Glossary - Sound
|"It is understood that you have armed Bastards, Fingos,
and Barolongs against us - In this you have committed an enormous act of
the matter even if it cost you the loss of Mafikeng... disarm your blacks
and their by act the part of a white man in a white man's war. "
General Cronje's message to Baden-Powell
- 29 October 1899
Colored and blacks were part of the fighting as well as the non fighting forces during the war. Blacks were the majority in the two republics during the 19th century. The blacks came under the control of the whites for various reasons. They lost their economical independents and a system of migratory labor came in existence. Due to the overwhelming numbers both sides felt that they could tip the scale.
In the beginning of the war British as well as the boers provided the well meaning tribes with weapons to guard their own borders. This took an unfortunate turn when the Kgatla tribe in the Marico district attacked a Boer laager under instruction and with the help of Co G S Holdsworth. The fatalities amongst the Boers were somewhere between 6 and 35 people (sources differ) 15 Kgatla died and 17 were wounded. At the same time the Kgatla attacked a white settlement and two women were murdered, while 17 white women and children were abducted to Bechuanaland (Botswana).
The English used the blacks mainly as wagon-drivers. They also helped with the constructions of British forts, worked in the military camps, helped to look after the horses and cattle and to unload the supplies and other manual work. Later the English used them to terrorize women and burn the farms.

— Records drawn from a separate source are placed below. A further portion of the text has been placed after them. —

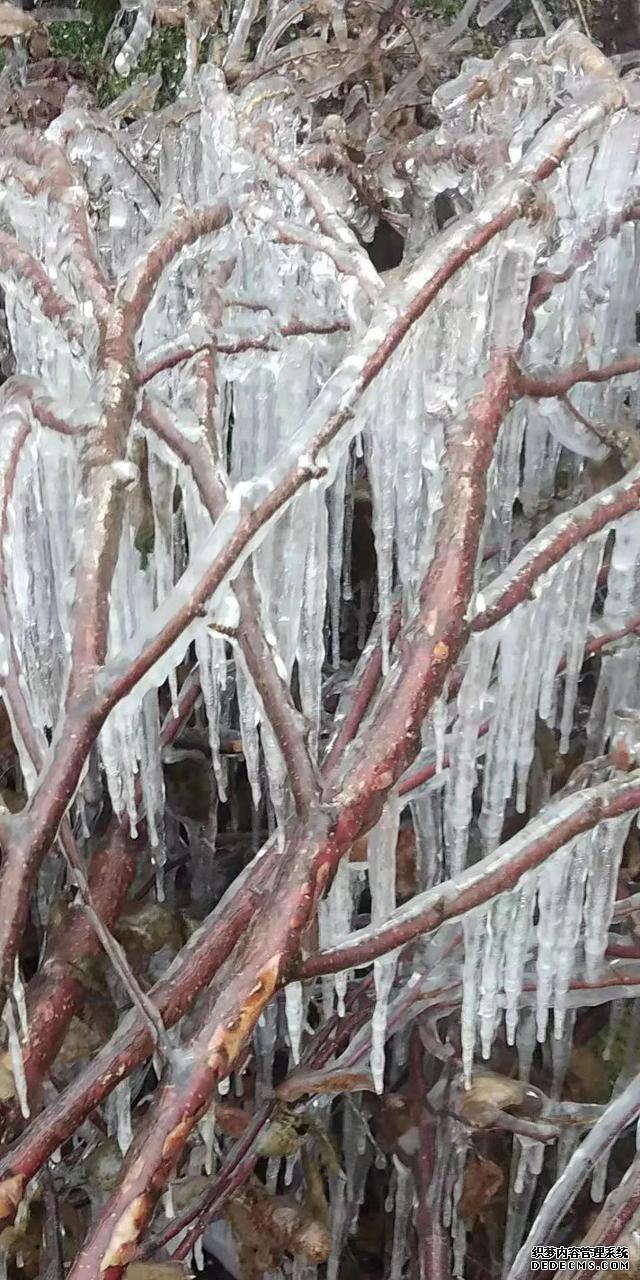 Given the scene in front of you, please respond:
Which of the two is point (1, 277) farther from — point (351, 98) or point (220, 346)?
point (351, 98)

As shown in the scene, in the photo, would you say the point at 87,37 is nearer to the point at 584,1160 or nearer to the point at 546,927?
the point at 546,927

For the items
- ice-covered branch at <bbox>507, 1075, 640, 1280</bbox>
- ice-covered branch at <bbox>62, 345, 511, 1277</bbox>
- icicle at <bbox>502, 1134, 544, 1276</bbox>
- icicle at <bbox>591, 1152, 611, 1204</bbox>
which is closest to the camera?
ice-covered branch at <bbox>62, 345, 511, 1277</bbox>

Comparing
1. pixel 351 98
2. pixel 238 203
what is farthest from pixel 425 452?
pixel 351 98

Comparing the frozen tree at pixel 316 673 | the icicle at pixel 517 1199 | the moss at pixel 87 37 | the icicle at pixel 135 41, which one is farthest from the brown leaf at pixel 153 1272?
the moss at pixel 87 37

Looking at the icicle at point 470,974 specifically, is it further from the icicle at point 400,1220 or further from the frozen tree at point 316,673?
the icicle at point 400,1220

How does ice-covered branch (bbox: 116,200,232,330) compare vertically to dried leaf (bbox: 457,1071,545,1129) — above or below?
above

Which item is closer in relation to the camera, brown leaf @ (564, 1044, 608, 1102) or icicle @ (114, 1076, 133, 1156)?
icicle @ (114, 1076, 133, 1156)

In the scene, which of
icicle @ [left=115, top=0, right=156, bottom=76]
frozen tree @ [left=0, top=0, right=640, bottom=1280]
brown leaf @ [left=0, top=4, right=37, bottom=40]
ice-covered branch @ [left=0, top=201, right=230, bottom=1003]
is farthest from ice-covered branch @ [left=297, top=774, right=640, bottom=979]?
icicle @ [left=115, top=0, right=156, bottom=76]

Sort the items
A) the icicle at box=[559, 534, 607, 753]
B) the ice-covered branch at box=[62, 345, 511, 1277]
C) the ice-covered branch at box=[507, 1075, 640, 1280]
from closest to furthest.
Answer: the ice-covered branch at box=[62, 345, 511, 1277] → the icicle at box=[559, 534, 607, 753] → the ice-covered branch at box=[507, 1075, 640, 1280]

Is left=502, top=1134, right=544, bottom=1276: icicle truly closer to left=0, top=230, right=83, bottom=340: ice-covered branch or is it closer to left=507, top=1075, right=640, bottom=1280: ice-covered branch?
left=507, top=1075, right=640, bottom=1280: ice-covered branch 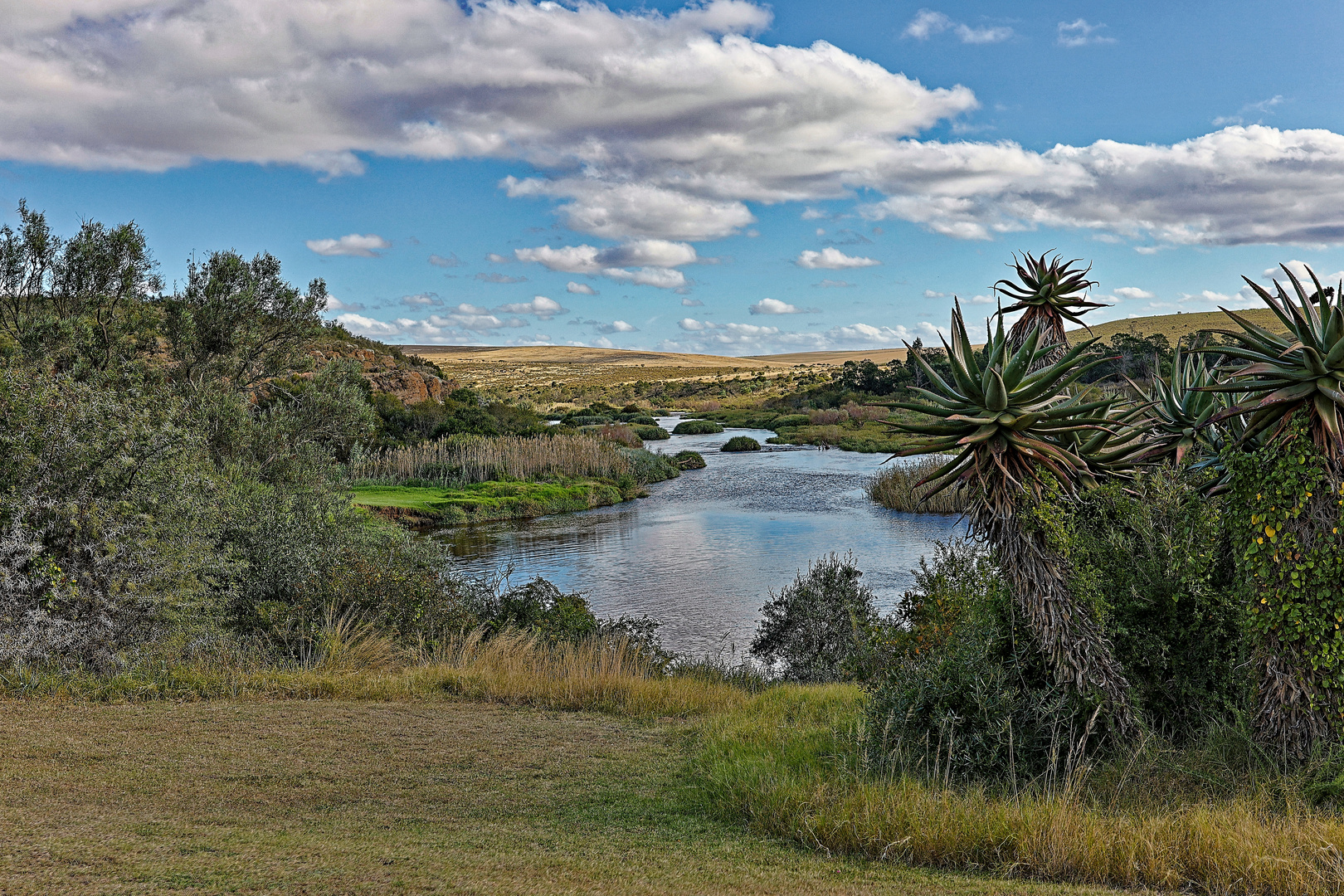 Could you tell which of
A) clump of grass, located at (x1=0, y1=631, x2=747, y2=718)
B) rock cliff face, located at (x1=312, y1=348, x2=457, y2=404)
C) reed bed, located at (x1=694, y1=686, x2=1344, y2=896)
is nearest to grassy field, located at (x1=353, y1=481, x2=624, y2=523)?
rock cliff face, located at (x1=312, y1=348, x2=457, y2=404)

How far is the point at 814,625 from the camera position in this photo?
1447 centimetres

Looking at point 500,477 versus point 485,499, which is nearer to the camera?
point 485,499

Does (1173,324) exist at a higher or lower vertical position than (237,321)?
higher

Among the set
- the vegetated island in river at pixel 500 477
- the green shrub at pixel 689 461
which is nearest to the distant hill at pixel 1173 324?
the green shrub at pixel 689 461

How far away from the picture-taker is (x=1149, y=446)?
26.6ft

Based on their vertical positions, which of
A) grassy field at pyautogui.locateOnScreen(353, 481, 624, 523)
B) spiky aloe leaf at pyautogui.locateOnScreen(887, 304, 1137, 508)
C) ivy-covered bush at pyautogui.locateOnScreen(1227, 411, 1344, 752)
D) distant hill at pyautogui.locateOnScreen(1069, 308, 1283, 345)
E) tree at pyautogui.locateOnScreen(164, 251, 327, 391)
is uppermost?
distant hill at pyautogui.locateOnScreen(1069, 308, 1283, 345)

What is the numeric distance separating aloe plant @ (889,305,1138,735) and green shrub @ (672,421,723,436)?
61.8 metres

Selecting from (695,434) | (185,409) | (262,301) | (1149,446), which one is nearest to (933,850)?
(1149,446)

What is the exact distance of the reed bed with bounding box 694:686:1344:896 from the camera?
183 inches

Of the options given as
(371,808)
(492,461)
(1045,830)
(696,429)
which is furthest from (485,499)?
(696,429)

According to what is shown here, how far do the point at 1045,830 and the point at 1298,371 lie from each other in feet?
11.5

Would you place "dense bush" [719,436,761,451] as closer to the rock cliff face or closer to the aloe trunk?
the rock cliff face

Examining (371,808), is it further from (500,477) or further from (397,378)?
(397,378)

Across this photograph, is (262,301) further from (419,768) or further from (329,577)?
(419,768) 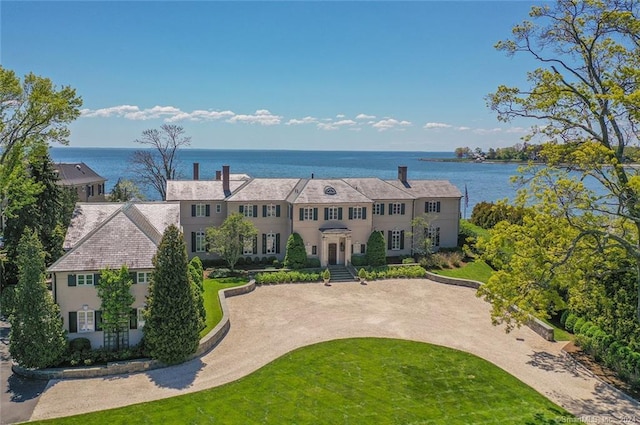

The Boers had many loyal farm workers that escorted them on commando and was mainly used for auxiliary services. They were not given weapons and were sometimes used as spies. In February 1900 General J.P Snijman provided them with arms for "security reasons" during the Siege of Mafikeng. As soon as the ZAR republic heard of this they were disarmed.
The "Agterryer" (henchman) was usually very loyal and of the utmost importance. Their tasks were to lead the packhorses. They had too look after the horses, fetch water and wood and light the fires. During battle they stayed behind to look after the horses with a few burgers . Many Boers had high gratitude and good remembrances of the agterryers. Unfortunately there were always absconders which proved to be a great risk as they knew exactly what went on in the Boer laagers.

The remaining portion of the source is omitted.